Slashdot Mirror


User: steveb3210

steveb3210's activity in the archive.

Stories
0
Comments
185
First seen
Last seen
Profile
(view on slashdot.org)

Comments · 185

  1. Re:I'm IT Administrator, so I know on Ask Slashdot: Where Are the Open Source Jobs? · · Score: 1

    I'm happiest working in Unix type environments. And there are plenty of jobs that fit that build and pay well where I live. My previous job I wrote pretty much exculsively in Ruby on Rails. This gig is PHP/Node.JS/High Availabilty web application stuff..

    Getting another job, atleast in CT, is not something I worry much about.. I just call up the head hunter I work with say, "new job" and I get a call back with an interview in a few days...

    Why would I compromise what makes me happy?

  2. Re:The IMPORTANT bit about SPDY on Google's SPDY Could Be Incorporated Into Next-Gen HTTP · · Score: 1

    If you're using HTTPS, connection is secured before the GET /whatever is actually sent - so if you're using SSL they can only know which site you're connecting to and not what your requesting..

    Unless as the OP pointed out, they're using a forged certificate in which case all bets are off..

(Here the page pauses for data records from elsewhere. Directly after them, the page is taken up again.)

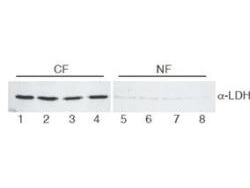 Lactate Dehydrogenase Antibody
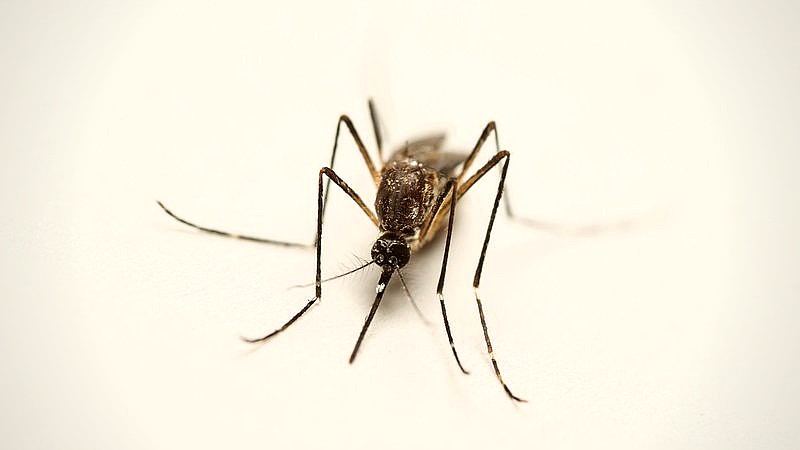 West Nile virus Chicago - health article image 2
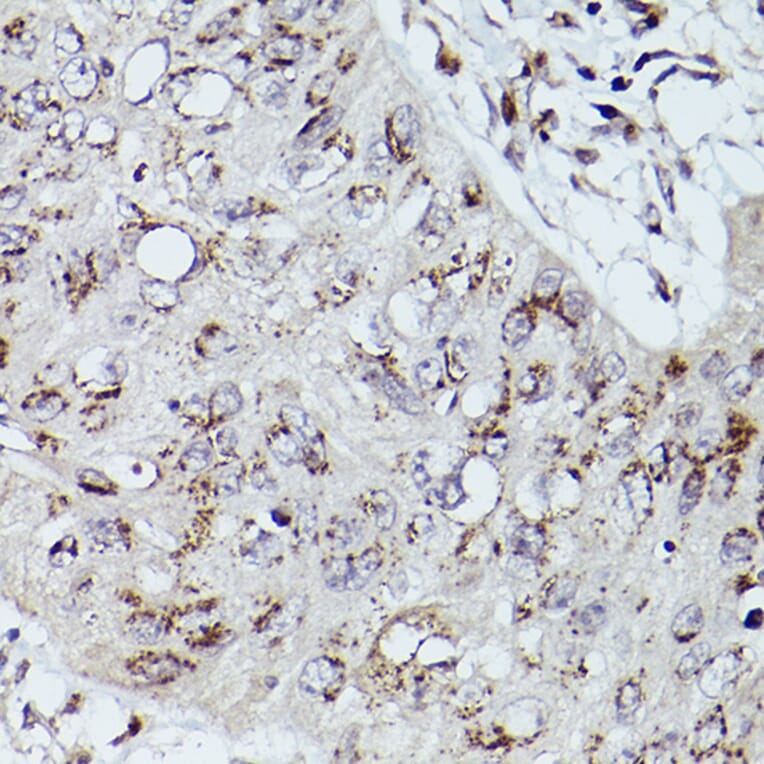 Immunohistochemistry - Anti-Giantin Antibody (A306214) - Antibodies.com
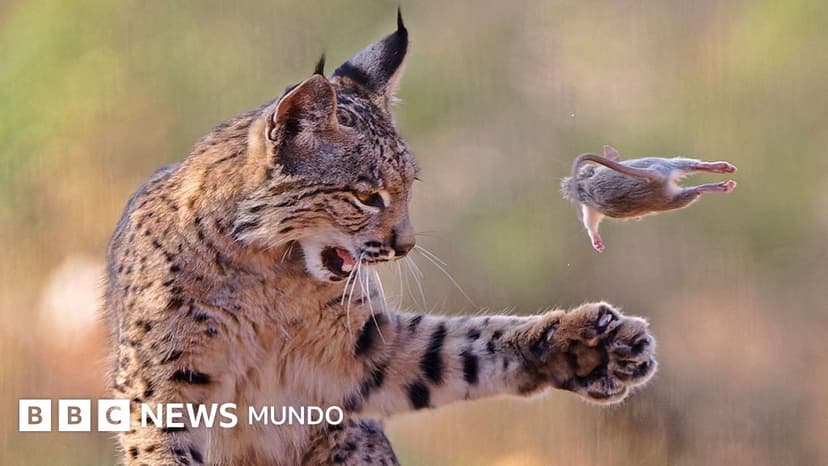En imágenes: un lince juguetón y otras espectaculares fotos de la vida silvestre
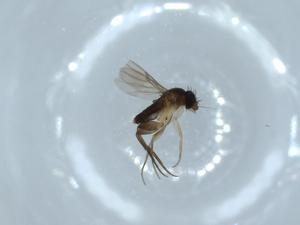  ( - BIOUG54292-D02)  @11 [ ] CreativeCommons - Attribution (2020) Centre for Biodiversity Genomics Centre for Biodiversity Genomics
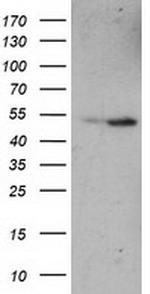 ETF1 Antibody in Western Blot (WB)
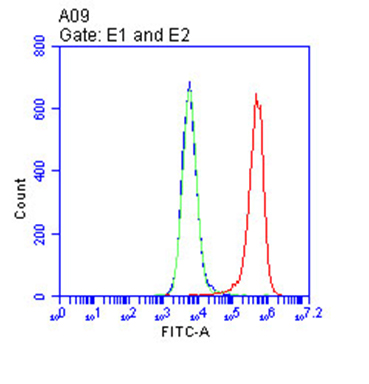 CD9 Antibody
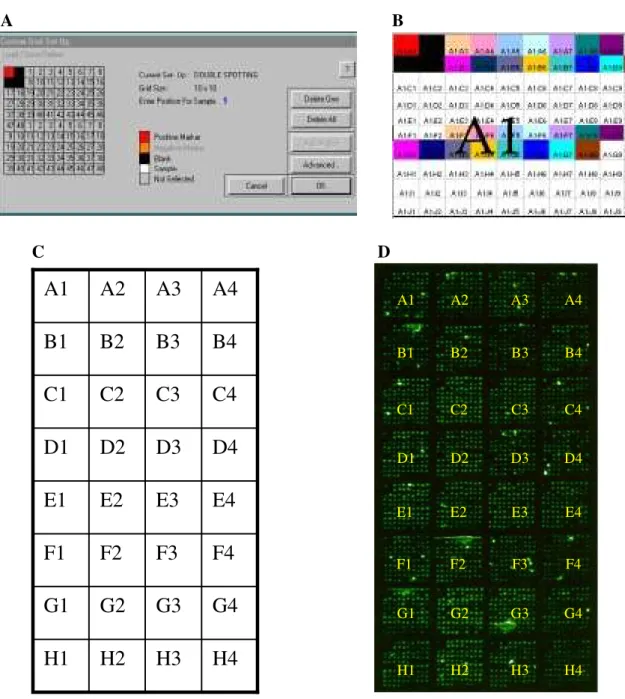 Figura 7.  Perfil da lâmina de &#34;microarray&#34;. A) Distribuição do DNA em cada  bloco, B) Localização das duplicatas e gene controle em cada bloco, C)  Distribuição dos 32 blocos (A-H e 1-4) de elementos na lâmina e D) Imagem SybrGreen, mostrando a im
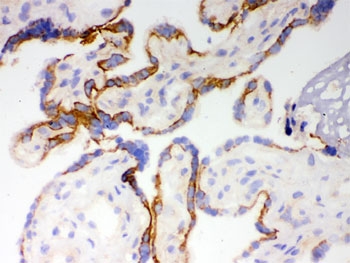 CYP1A1 Antibody Human Placenta IHC (Frozen). IHC staining of frozen human placenta tissue with CYP1A1 antibody demonstrated prominent cytoplasmic staining in trophoblastic cells. CYP1A1 is a heme-containing cytochrome P450 monooxygenase that catalyzes Phase I xenobiotic metabolism and is strongly induced through aryl hydrocarbon receptor (AHR) signaling in response to environmental chemicals. In the placenta, CYP1A1 contributes to the metabolism of xenobiotics at the maternal-fetal interface and is widely studied as a biomarker of environmental exposure during pregnancy. These results support the utility of CYP1A1 Antibody for studies of xenobiotic metabolism, placental biology, AHR signaling, developmental toxicology, and environmental health.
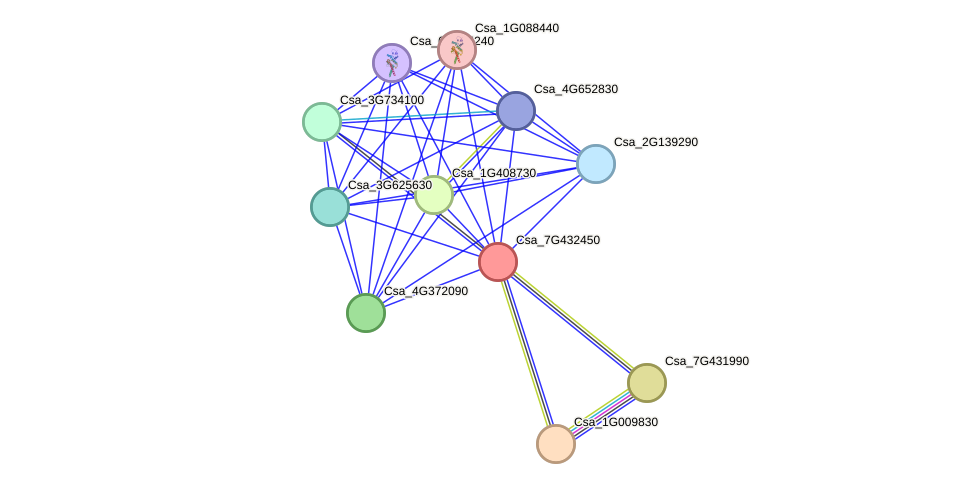 STRING protein interaction network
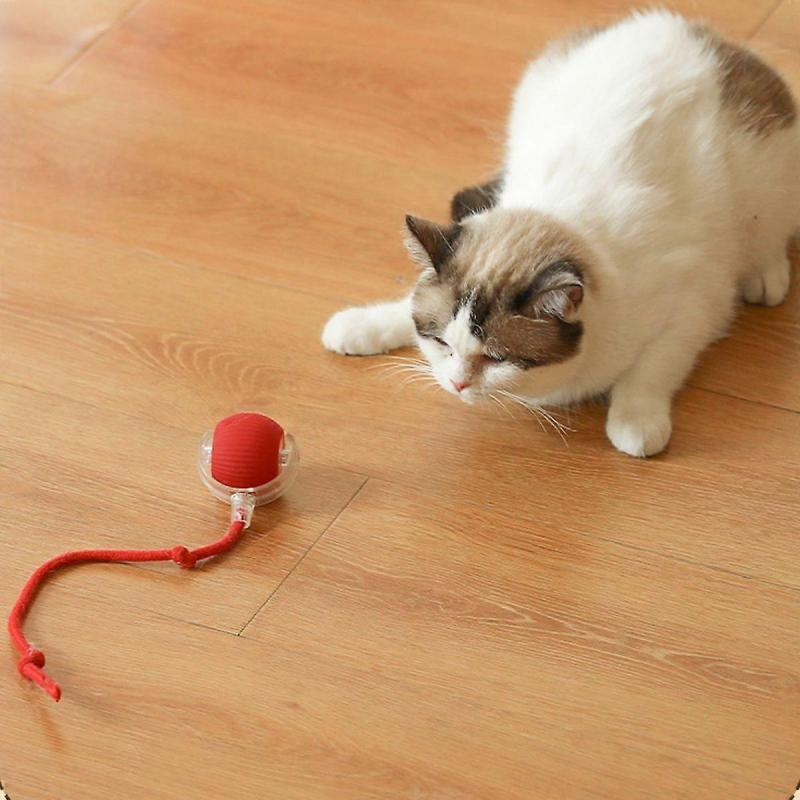 Electric Dog Ball Toy, Interactive Rolling Dog Ball, Interactive Dog Smart Ball Toy, Chewy Virus Rolling Ball, Interactive Cat Ball Toy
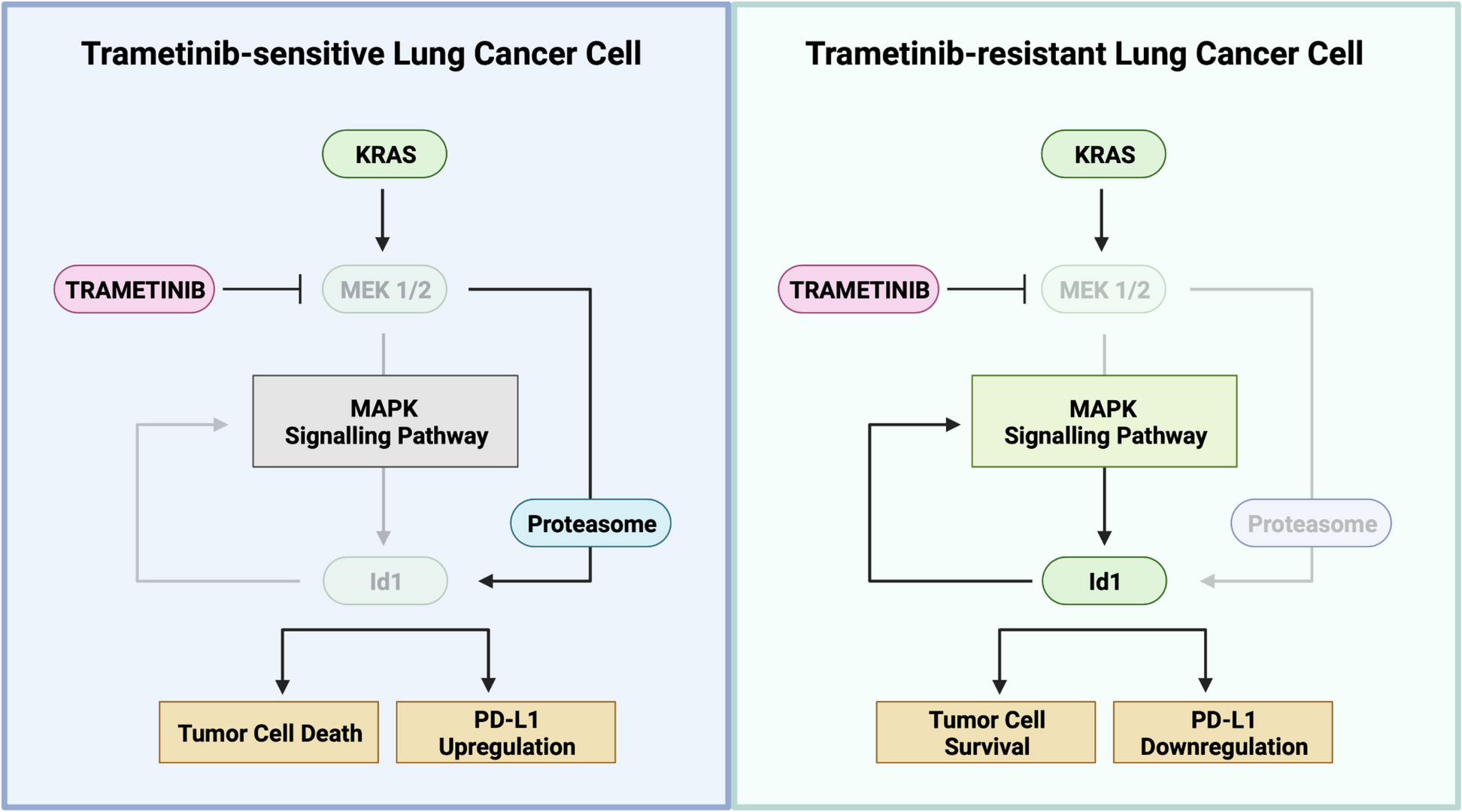 Trametinib sensitizes KRAS-mutant lung adenocarcinoma tumors to PD-1/PD-L1 axis blockade via Id1 downregulation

  3. Re:It would be good to have optional GUI on Windows Admins Need To Prepare For GUI-Less Server · · Score: 1
    My comment was replying to DJrumpy:

    There is little difference between what he's suggesting a GUI solves and the equivalnt version in SSH/SCP/rsync, etc....

    When you VNC into a host server and us the GUI there, you are limited by the servers connections, which typically tend to be in gigabytes, not kbits. It was simply poorly worded, but anyone who's worked remotely via VNC understands the principle. You use the hosting VNC target to do your heavy network lifting and your local laptop/desktop as a dumb terminal to get you into the host server. It doesn't increase your bandwidth per-se but instead increases the bandwidth available to you while removing your slower local link from the equation.

  4. Re:It would be good to have optional GUI on Windows Admins Need To Prepare For GUI-Less Server · · Score: 2

    ssh me@server1
    scp /some/file.txt me@server2:/where/to/put/it

    The GUI has nothing to do with the bottleneck you're referring to.

  5. Re:computing power scales exponentially on World's First Programmable Quantum Photonic Chip · · Score: 1

    With qubits you can, in principle, also solve problems (much faster) which are NP-hard (see: http://en.wikipedia.org/wiki/NP-hard), the traveling salesman problem for instance.

    I guess it depends on your defintion of "much".

    Wikipedia: "Grover's algorithm can also be used to obtain a quadratic speed-up over a brute-force search for a class of problems known as NP-complete"

    So perhaps you'll bring some of the smaller cases into the realm of possibility but in the long run, its still exponential...

  6. Re:Baffling to users ? on Fedora Aims To Simplify Linux Filesystem · · Score: 1
    /usr/local (or /opt if you insist) are quite vital - when I custom compile something for a server, I prefer to keep anything I install completely and 100% separate from the packages that the system install..

    Ruby for example, I compile with --prefix=/usr/local/ruby...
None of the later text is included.